▸ What to produce
Go through the listing that follows and write it out exactly. Drop the pictures.

▸ Provided material

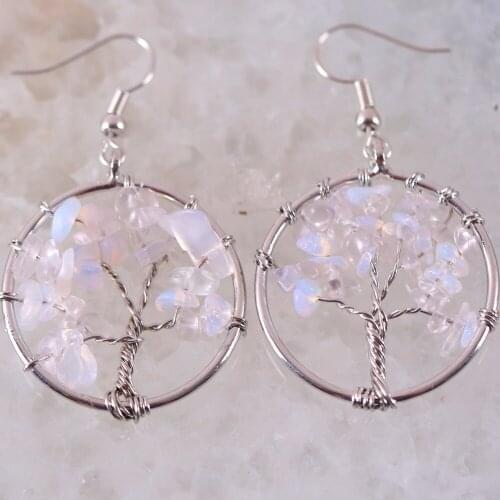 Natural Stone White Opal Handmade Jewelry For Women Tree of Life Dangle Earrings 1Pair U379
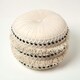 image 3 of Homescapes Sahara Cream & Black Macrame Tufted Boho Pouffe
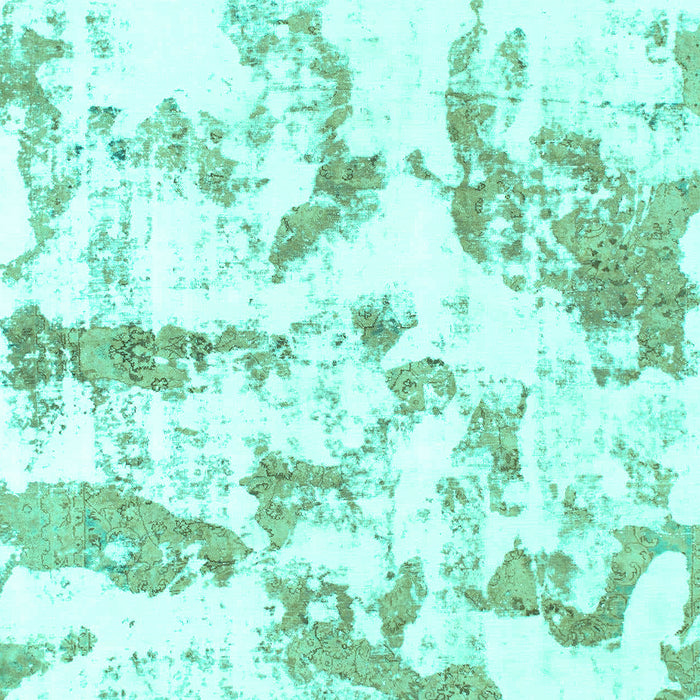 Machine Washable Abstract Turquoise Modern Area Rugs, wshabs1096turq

▸ Solution
 Natural Stone White Opal Handmade Jewelry For Women Tree of Life Dangle Earrings 1Pair U379
 image 3 of Homescapes Sahara Cream & Black Macrame Tufted Boho Pouffe
 Machine Washable Abstract Turquoise Modern Area Rugs, wshabs1096turq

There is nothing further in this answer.